**What this task involves**
A faithful copy is needed of the lines below from the one with "Prémium Adat- és" up to and including the one with "Anthropologie Linen Wide leg cropped pants"; set it down with no pictures and no other lines.

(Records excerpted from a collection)

==*==

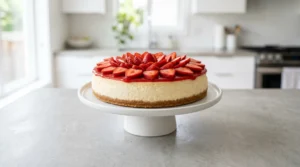 A complete no-bake strawberry cheesecake on a white cake stand, topped with beautifully arranged fresh strawberry slices over a smooth glaze, ready to be served.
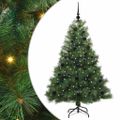 vidaXL Umelý vianočný stromček s 150 LED-i Zelená 150 cm PE a PVC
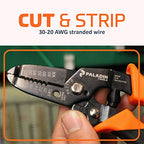 Paladin Tools PA1118 Wire Stripper Tool and Wire Cutter 30-20 AWG | Professional Grade Heavy Duty Wire Stripping Tool - color: Black, Orange, size: 30-20 AWG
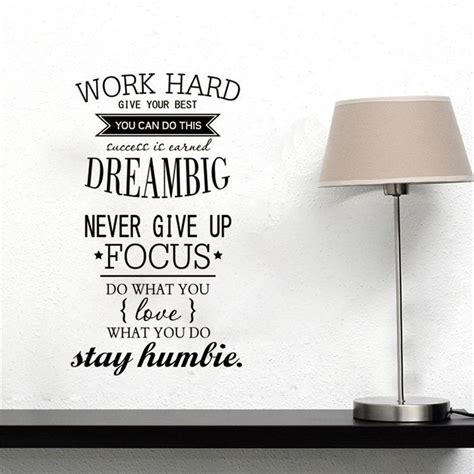 57x32cm English Motto Work Hard Family Motto Wall Sticker Removable Art Mural Decal For Home ...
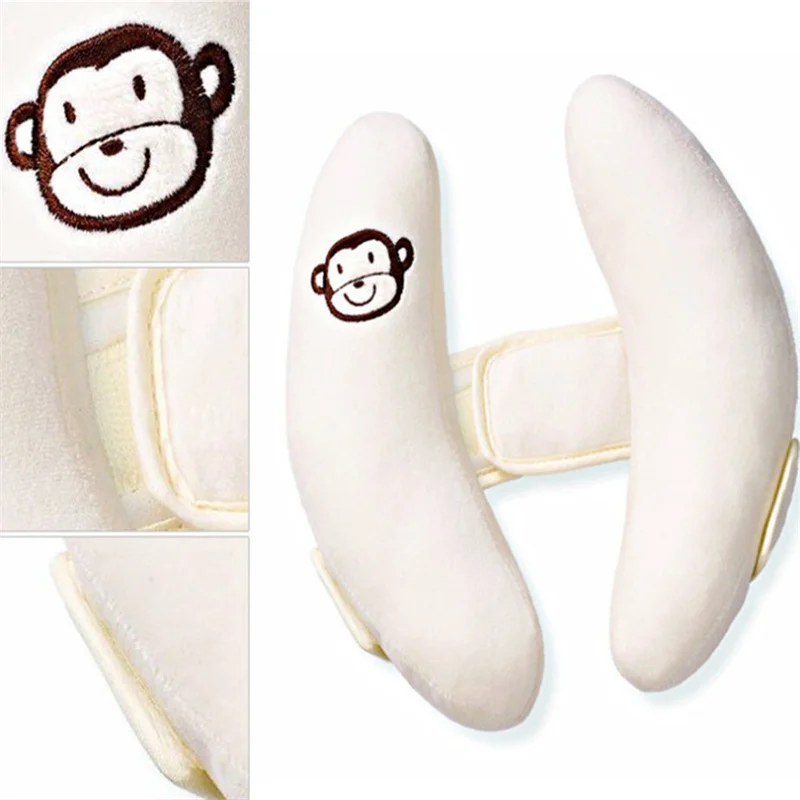 Travesseiro pescoço para carrinho de bebê, travesseiro protetor de cabeça, design banana, para dormir, com flor dos desenhos animados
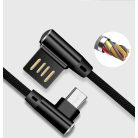 Prémium Adat- és Töltőkábel TB1009, MicroUSB/USB csatlakozó, 2.4A gyorstöltés, 1 méter, fekete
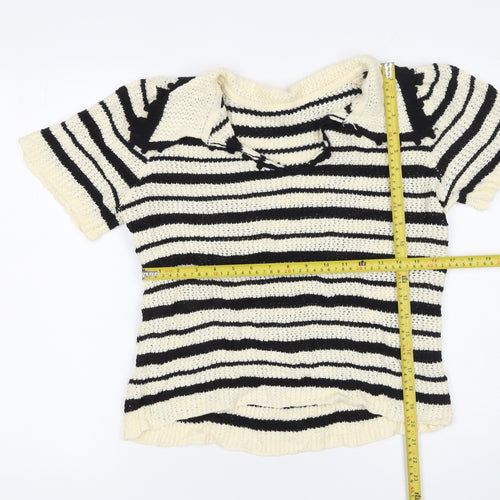 Anewsta Women's Black Stripe Collared Knit Jumper Size 14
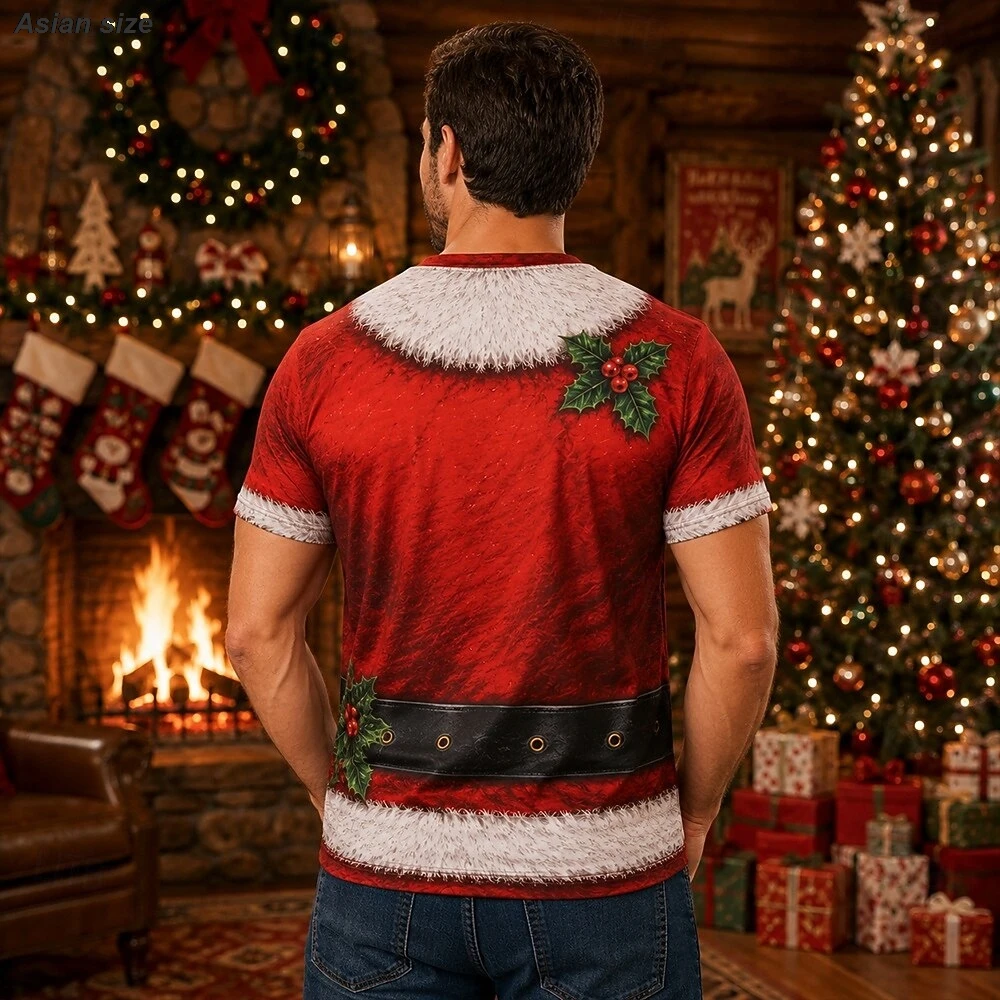 Santa Claus Costume 3D Print Men T‑Shirt Christmas Holiday Short Sleeve Crew Neck Tees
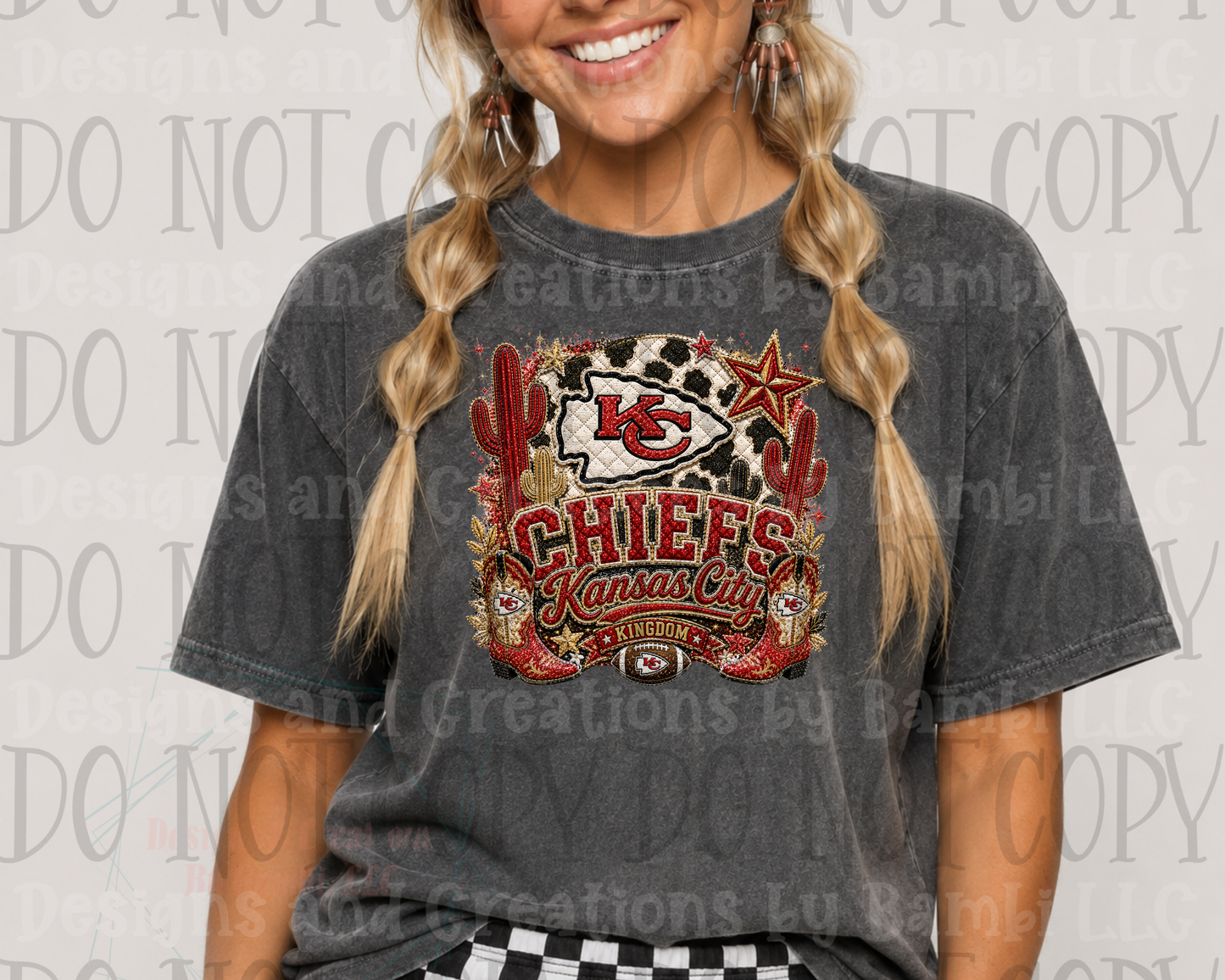 Faux Embroidery Chiefs with Cow Print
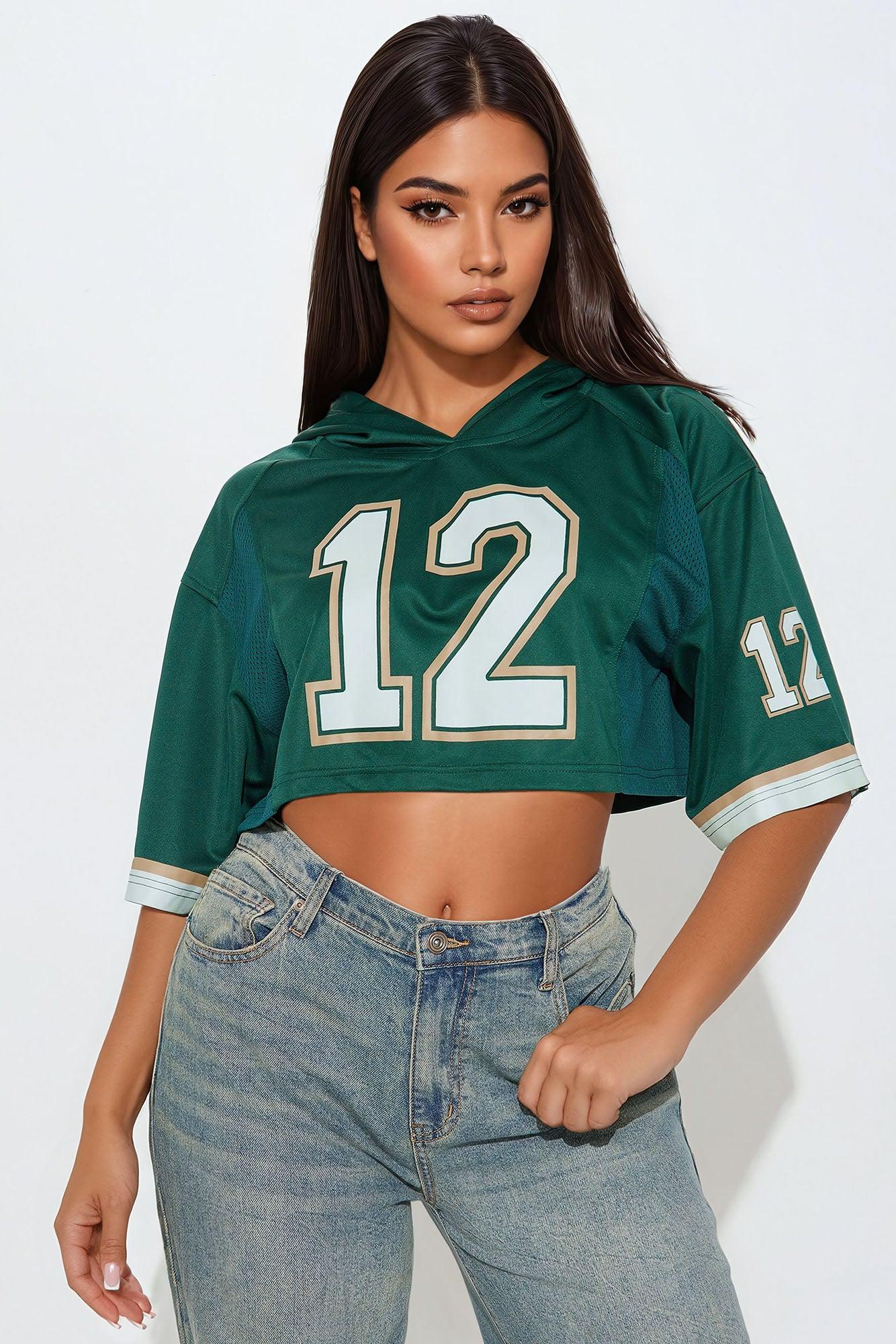 Your Biggest Fan Hooded Jersey - Green/combo Product Image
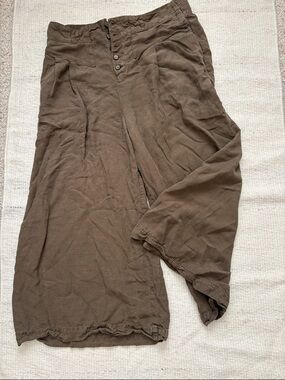 Anthropologie Linen Wide leg cropped pants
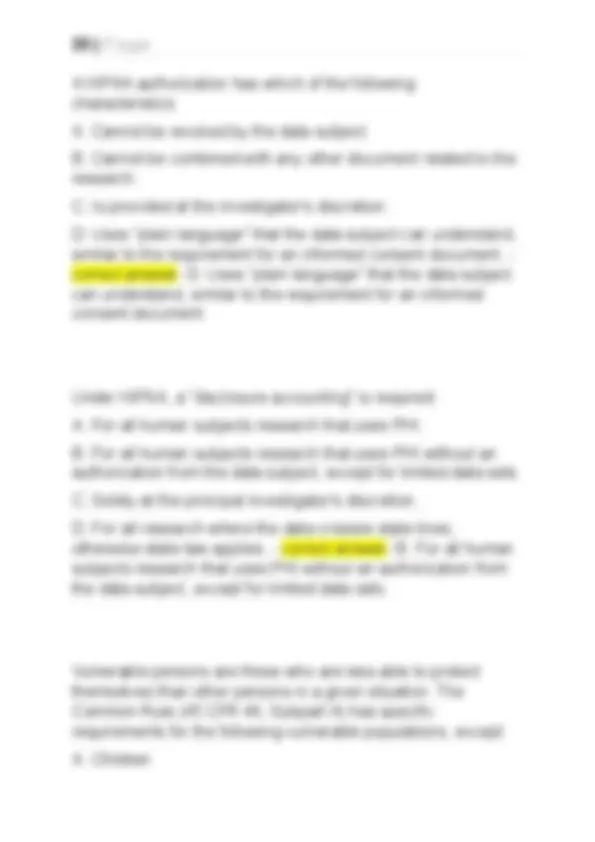 Citi Program Answers Module 1 CITI Training: Biomedical Research Ethics Q&A (Modules 1-24) | Exams ...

==*==

**Exercise result**
 Prémium Adat- és Töltőkábel TB1009, MicroUSB/USB csatlakozó, 2.4A gyorstöltés, 1 méter, fekete
 Anewsta Women's Black Stripe Collared Knit Jumper Size 14
 Santa Claus Costume 3D Print Men T‑Shirt Christmas Holiday Short Sleeve Crew Neck Tees
 Faux Embroidery Chiefs with Cow Print
 Your Biggest Fan Hooded Jersey - Green/combo Product Image
 Anthropologie Linen Wide leg cropped pants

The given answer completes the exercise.